Material to process:
-- Opening Marker --

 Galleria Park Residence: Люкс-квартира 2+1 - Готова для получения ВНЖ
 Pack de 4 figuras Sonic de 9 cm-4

-- Closing Marker --
-- Opening Marker --

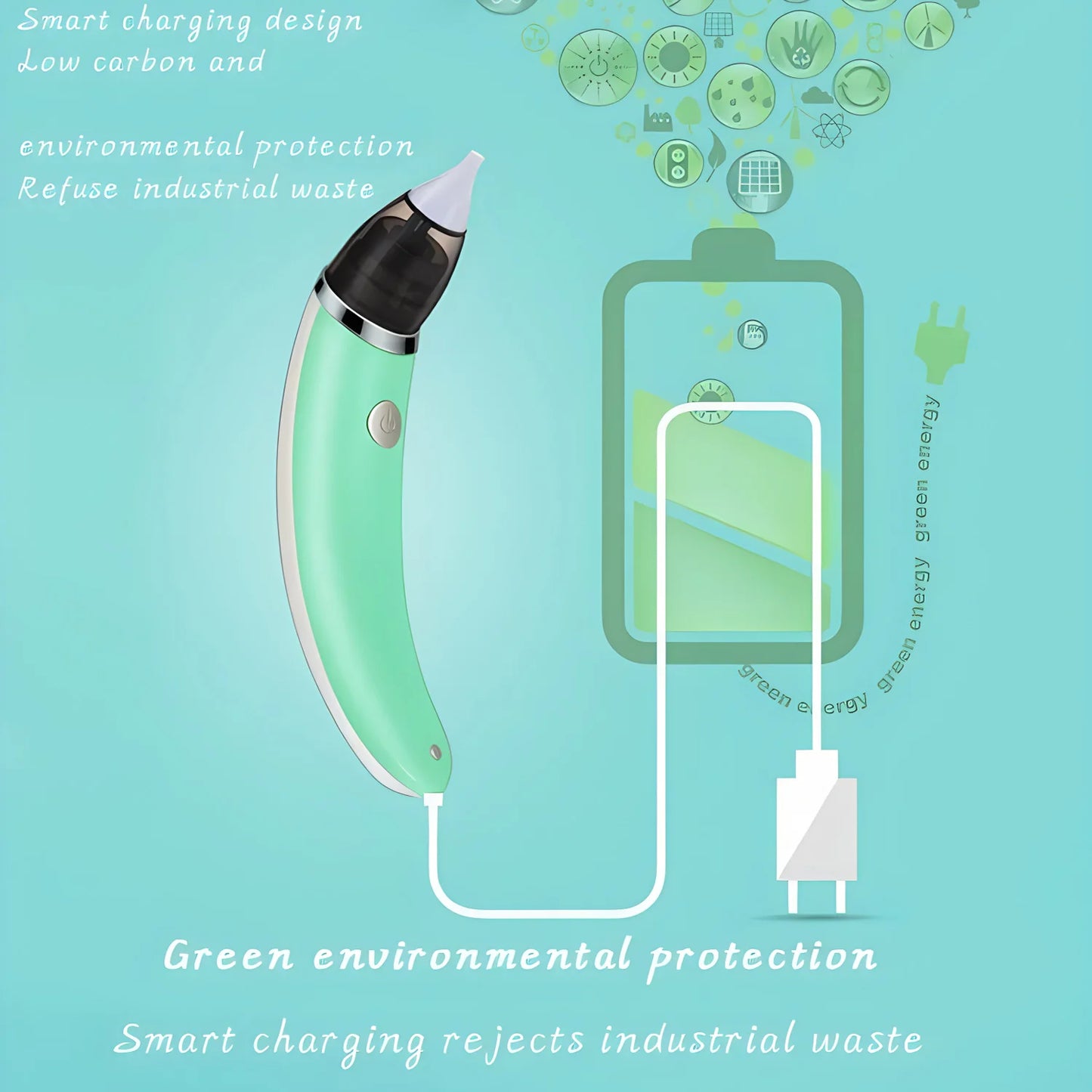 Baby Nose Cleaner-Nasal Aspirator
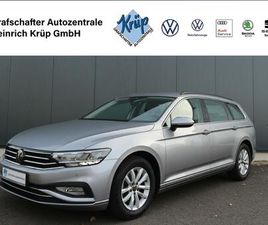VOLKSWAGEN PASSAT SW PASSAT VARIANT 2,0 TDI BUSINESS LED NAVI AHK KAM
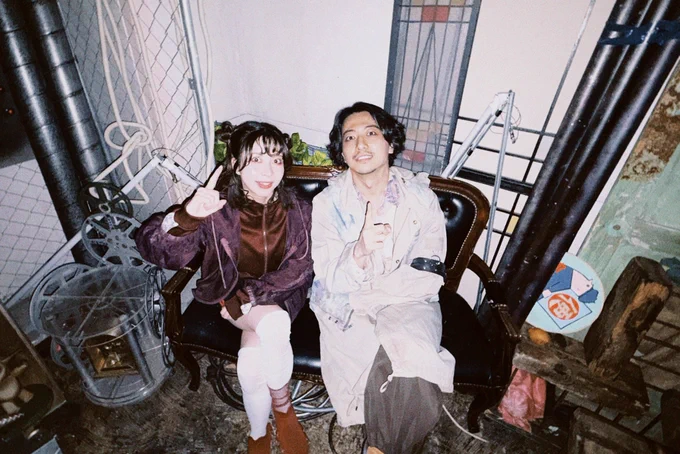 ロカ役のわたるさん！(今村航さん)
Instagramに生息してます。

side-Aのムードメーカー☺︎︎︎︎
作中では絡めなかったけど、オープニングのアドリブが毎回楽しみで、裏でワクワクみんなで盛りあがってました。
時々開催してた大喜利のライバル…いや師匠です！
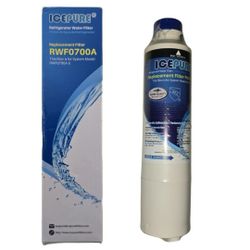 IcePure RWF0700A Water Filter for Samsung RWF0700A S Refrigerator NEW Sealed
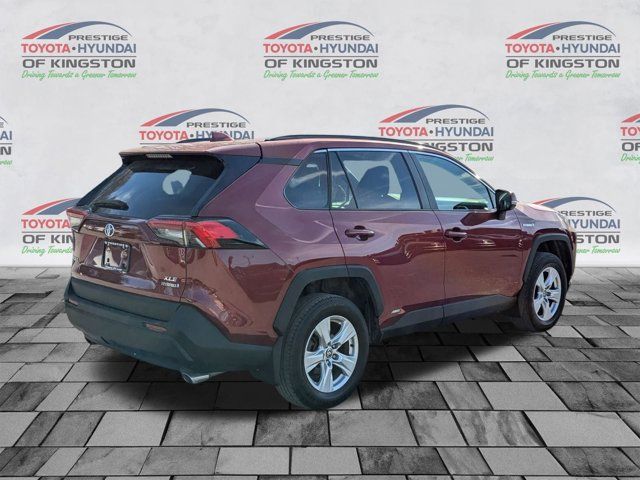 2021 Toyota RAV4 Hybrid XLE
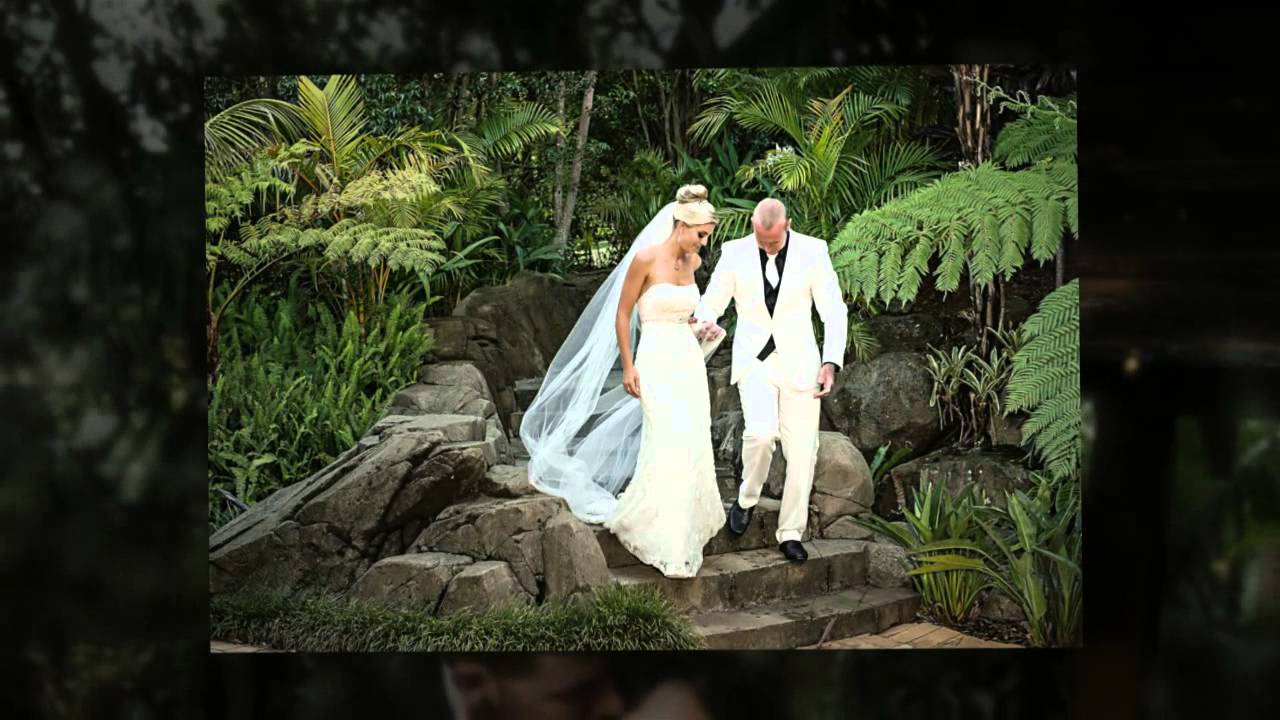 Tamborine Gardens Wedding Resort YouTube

-- Closing Marker --
-- Opening Marker --

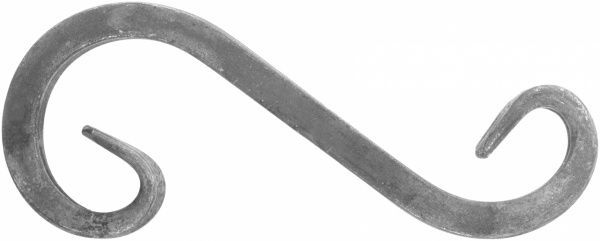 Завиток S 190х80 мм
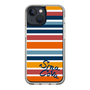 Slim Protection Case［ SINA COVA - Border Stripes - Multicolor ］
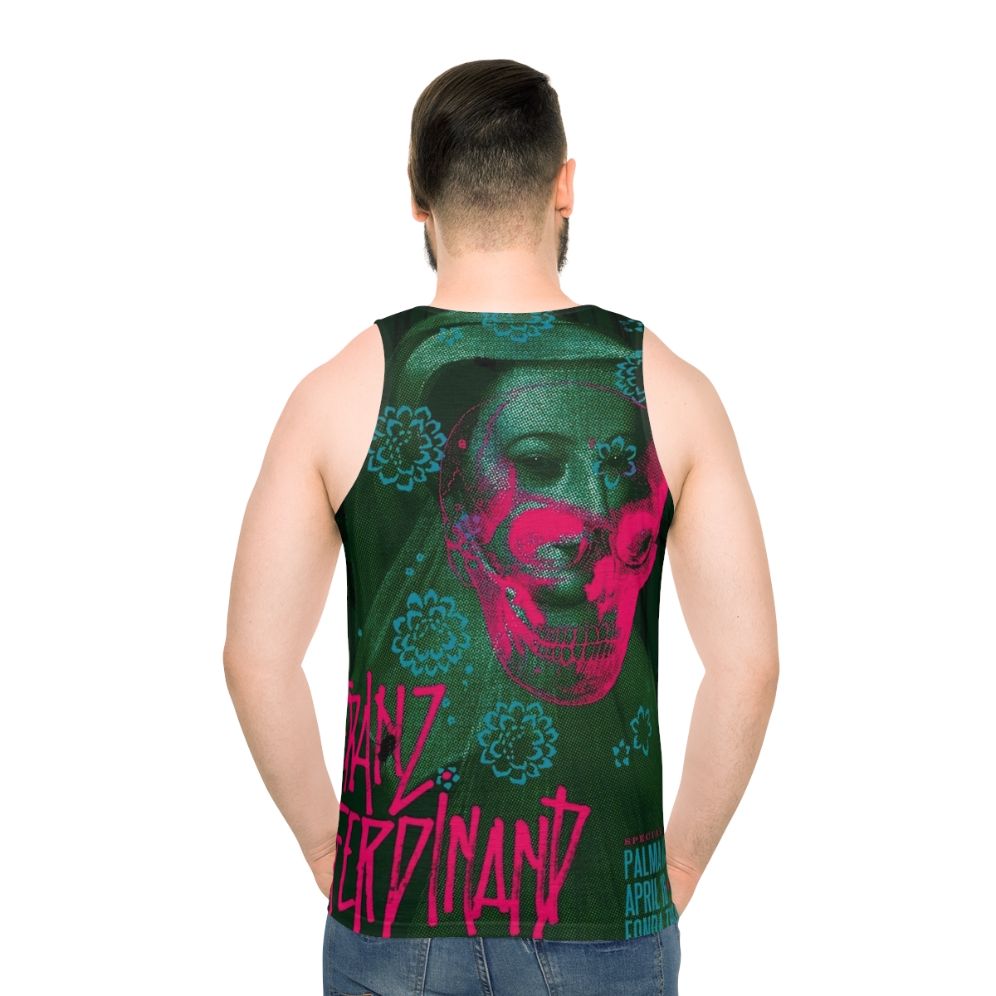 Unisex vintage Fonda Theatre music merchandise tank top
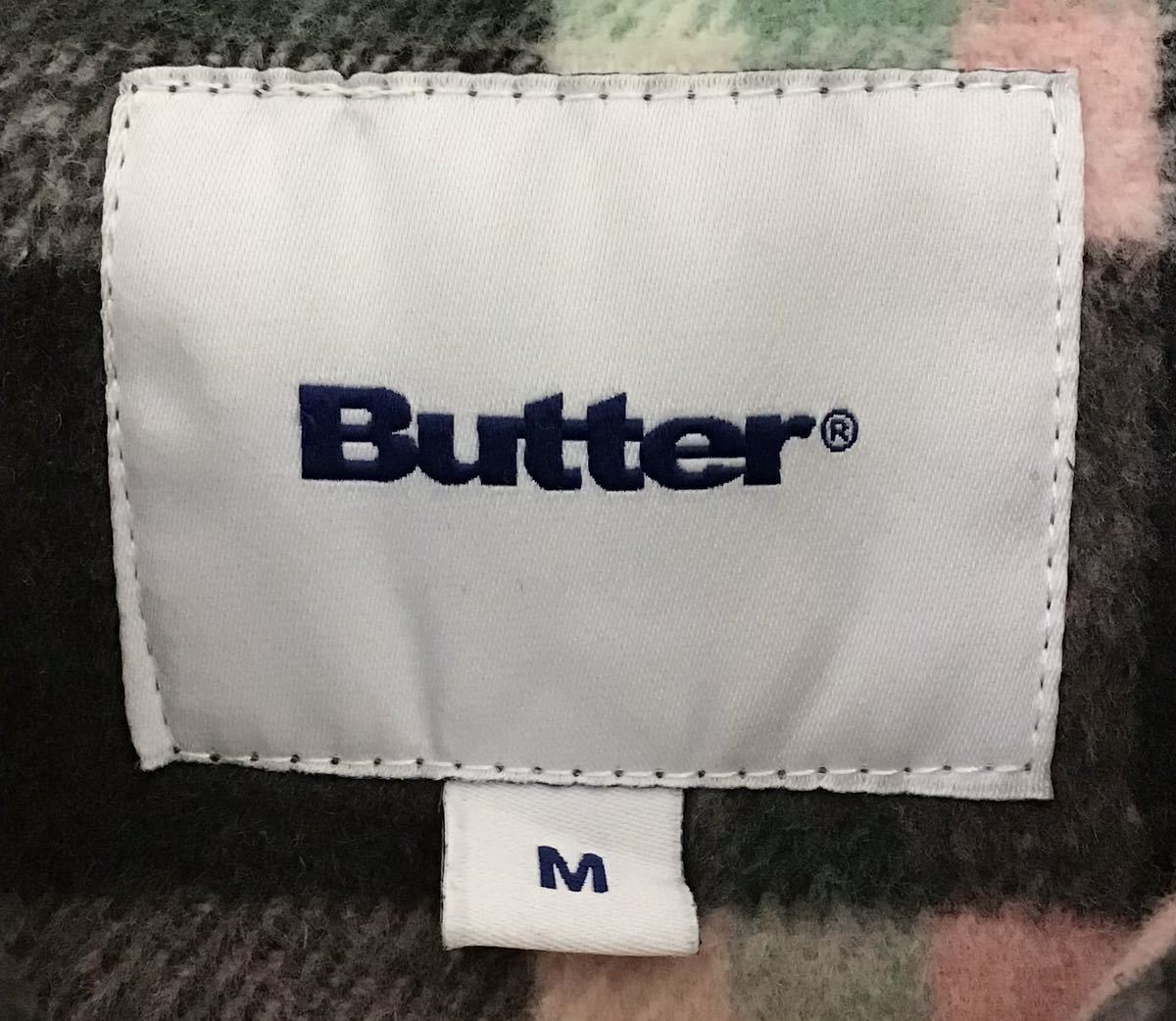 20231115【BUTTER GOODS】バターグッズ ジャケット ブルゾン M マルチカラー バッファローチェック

-- Closing Marker --

Task to carry out: Extract from the material above the stretch running from the line containing "side-Aのムードメーカー☺︎︎︎︎" through the line containing "Tamborine Gardens Wedding Resort YouTube". Keep the text exact and the pictures out.

Written solution:
side-Aのムードメーカー☺︎︎︎︎
作中では絡めなかったけど、オープニングのアドリブが毎回楽しみで、裏でワクワクみんなで盛りあがってました。
時々開催してた大喜利のライバル…いや師匠です！
 IcePure RWF0700A Water Filter for Samsung RWF0700A S Refrigerator NEW Sealed
 2021 Toyota RAV4 Hybrid XLE
 Tamborine Gardens Wedding Resort YouTube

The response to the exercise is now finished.